What's happening: Machines that read brain activity from outside the head, or in some cases even inside the skull, are still relatively limited in the data they can extract from wearers' brains, and how accurately they can interpret it.

  • But the tech is moving fast. We can now recognize basic emotional states, unspoken words and imagined movements — all by analyzing neural data.
  • Researchers have found similarities in the way different people's brains process information, such that they can make rough guesses at what someone is thinking about or doing based on brain activity.

"These issues are fundamental to humanity because we're discussing what type of human being we want to be," says Rafael Yuste, a neuroscientist at Columbia.

The big picture: Clinical brain–computer interfaces can help people regain control of their limbs or operate prosthetics. Basic headsets are being sold as relaxation tools or entertainment gadgets — some built on flimsy claims — and market researchers are using the devices to fine-tune advertising pitches.

  • Facebook and startups like Elon Musk's Neuralink are pouring money into a new wave of neurotechnology with bold promises, like typing with your thoughts or, in Musk's words, merging with AI.
  • All of these devices generate huge amounts of neural data, potentially one of the most sensitive forms of personal information.

Driving the news: Neuroethicists are sounding the alarm.

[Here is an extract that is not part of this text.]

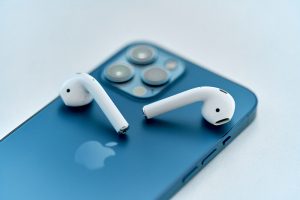 Do One of Your AirPods Die Faster Than the Other? Here’s Why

  • Earlier this month the U.K.'s Royal Society published a landmark report on the promise and risk of neurotechnology, predicting a "neural revolution" in the coming decades.
  • And next month Chilean lawmakers will propose an amendment to the country's constitution enshrining protections for neural data as a fundamental human right, according to Yuste, who is advising on the process.

A major concern is that brain data could be commercialized, the way advertisers are already using less intimate information about people's preferences, habits and location. Adding neural data to the mix could supercharge the privacy threat.

  • "Accessing data directly from the brain would be a paradigm shift because of the level of intimacy and sensitivity of the information," says Anastasia Greenberg, a neuroscientist with a law degree.
  • If Facebook, for example, were to pair neural data with its vast trove of personal data, it could create “way more accurate and comprehensive psychographic profiles,” says Marcello Ienca, a health ethics researcher at ETH Zurich.
  • There's little to prevent companies from selling and trading brain data in the U.S., Greenberg found in a recent peer-reviewed study.

Neural data, more than other personal information, has the potential to reveal insights about a brain that even that brain's owner may not know.

  • This is the explicit promise of "neuromarketing," a branch of market research that uses brain scans to attempt to understand consumers better than they understand themselves.
  • Ethicists worry that information hidden inside a brain could be used to discriminate against people — for example, if they showed patterns of brain activity that were similar to patterns seen in people with propensities for addiction, depression or neurological disease.

"The sort of future we're looking ahead toward is a world where our neural data — which we don't even have access to — could be used" against us, says Tim Brown, a researcher at the University of Washington Center for Neurotechnology.